Another important aspect of participation in physical activities and sport is the impact that it has on emotional healing and psychological wellbeing (Coakley & Dunning, 2000:477; Nancy, Murphy, Paul, Carbone & The Council on Children with Disabilities, 2008:1057-1058). Participation in physical activities and sport provides a positive outlet for aggression and stress and helps alleviate depression and anxiety. It improves mental functioning and concentration. Physically active people may also experience self-confidence and improved self-image (Coakley & Dunning, 2000:477; USAID, sa:4). Physical activities and sport experiences can enrich emotional development by cultivating capacities for care, self-worth, strength of will, good judgment, understanding, love and friendship (Potgieter, 2003:182). Coakley and Dunning (2000:477) also mentioned that involvement in sport helps learning to control emotions, disciplining the self and managing emotions. An overall improved quality of life and psychological wellbeing result (Virgilio, 2012:5).
Participation in physical activities and sport also plays a significant role in healthy social development and interaction. Allender et al. (2006:826) found that although most people recognized the health benefits, this was not their main reason for participation in sport. Factors such as enjoyment, social interaction and support were more common reasons for participation in physical activity. Through participation in sport individuals learn how to set and achieve goals through discipline and hard work. Physical activities nurture the development of decision making and leadership abilities while teaching people to deal with failure as well as success.
According to Hill (2007:3-4), the pattern of sports participation can be represented by a pyramid shape, with the majority of athletes at the bottom at grass-roots level. At this level, it is mainly school children and those playing sport as a hobby or social activity. They take part purely for the enjoyment it brings. From the second level of the pyramid, athletes are acquiring more skills and are more determined to succeed; therefore these athletes are training and competing on a regular daily or weekly basis. At the top of the pyramid are the elite or high level athletes who are totally committed to the sport, often as a career, although not all of them may be professionals. These elite athletes have a special ability in sport that excels the norm. They have reached the pinnacle of performance in their sport and are competing at national and international level.

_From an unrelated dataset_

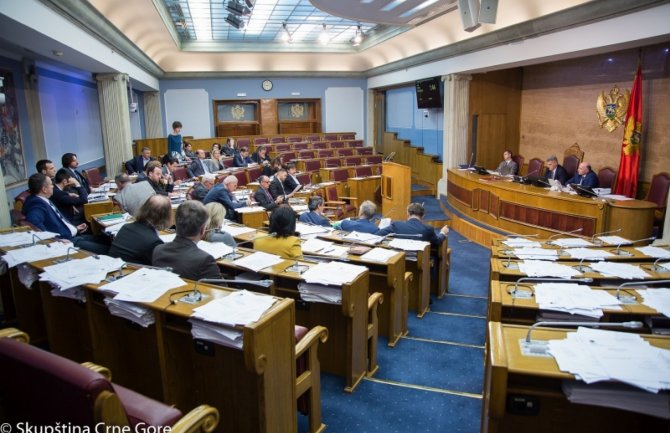 Opozicija danas nije u Parlamentu, Brajović ih pozvao da im se što prije pridruže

During the development of a young child, important skills must be learned. These skills are learned through practice. According to Honeybourne (2006:6-7), three main types of skill may be developed during physical activity and sport, namely cognitive skills, motor skills and perceptual skills. The cognitive skills are the intellectual and mental skills of the sports performer. These skills affect perception. The cognitive skills are critical for effective decision making and problem solving. Motor skills are physical limb movements that are directed towards the achievement of a particular goal. These skills are learned at a very young age, usually through play. If learned thoroughly, these motor skills can be adapted or refined to form part of specific sports skills. Perceptual skills involve the interpretation of information received so that a motor plan can be formulated. Perception is affected by previous experiences and attentional control (Honeybourne, 2006:7-8).

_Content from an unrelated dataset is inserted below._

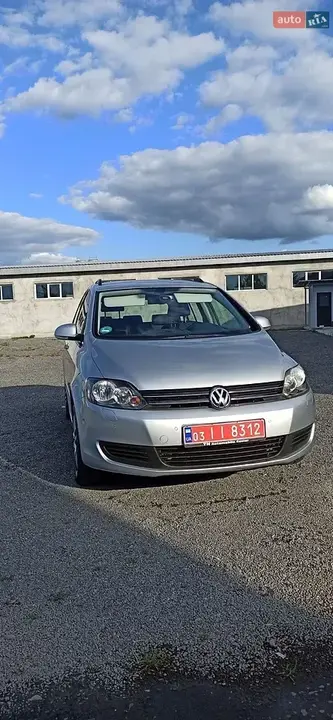 Volkswagen Golf Plus 2009 photo 3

Physical activity is essential for healthy child development during the critical first six years of life. From an early age physical literacy can be divided into three sections (Canadian Sport for Life, sa:8-10):
Active start: Ages 0-6 Physical activity during this time:
lays the foundation for future success in skill development, by helping children enjoy being active, learning to move efficiently, and improving coordination and balance
creates neural connections across multiple pathways in the brain, particularly when rhythmic activities are used
enhances development of brain function, coordination, social skills, gross motor skills, emotional development, leadership and imagination. Helps children to build confidence and develop positive self-esteem
helps build strong bones and muscles, improves flexibility, develops good posture, improves fitness, promotes a healthy body weight, reduces stress and improves sleep. Canadian Sport for Life, sa:9).
Fundamentals: Ages 6-9
This is a critical stage and the foundations of many advance skills are laid down:
skill development for children this age is best achieved through a combination of unstructured play in a safe and challenging environment; and quality instruction from knowledgeable teachers/leaders/coaches in community recreation activities, schools, and minor sport programs skill development during this stage should be well-structured, positive and FUN, and should concentrate on developing the ABCs – Agility, Balance, Coordination and Speed, plus rhythmic activities hand and foot speed can be developed especially well by boys and girls during this stage and if this window of opportunity to develop speed is missed, body speed later in life may be compromised this is a great age for children to take part in a wide range of sports and they should be encouraged to take part in land-based, water-based and ice/snow based activities at different times of the year it is important that all children including those with a disability, master fundamental movement skills before sport specific skills are introduced strength, endurance and flexibility need to be developed, but through games and fun activities rather than a training regimen learning to ‘read’ the movements going on around them and make sound decisions during games are critical skills that should be developed at this stage (Canadian Sport for Life, sa:10).
Learn to train: Ages 9-12
This is the most important stage for the development of sport-specific skills as it is the period of accelerated learning of coordination and fine motor control. It is also the time when children enjoy practicing skills they learn and they can see their own improvement.
It is still too early for specialization in late specialization sports. Although many children at this age will have developed a preference for one sport or another, for full athletic development they need to engage in a broad range of activities, playing at least 2-3 different sports.
While competition is important, it is learning to compete that should be the focus – not winning. For best long-term results 70% of time in the sport should be spent in practice, with only 30% of the time spent on competition.
This is an important time to work on flexibility and to develop endurance through games and relays (Canadian Sport for Life, sa:10).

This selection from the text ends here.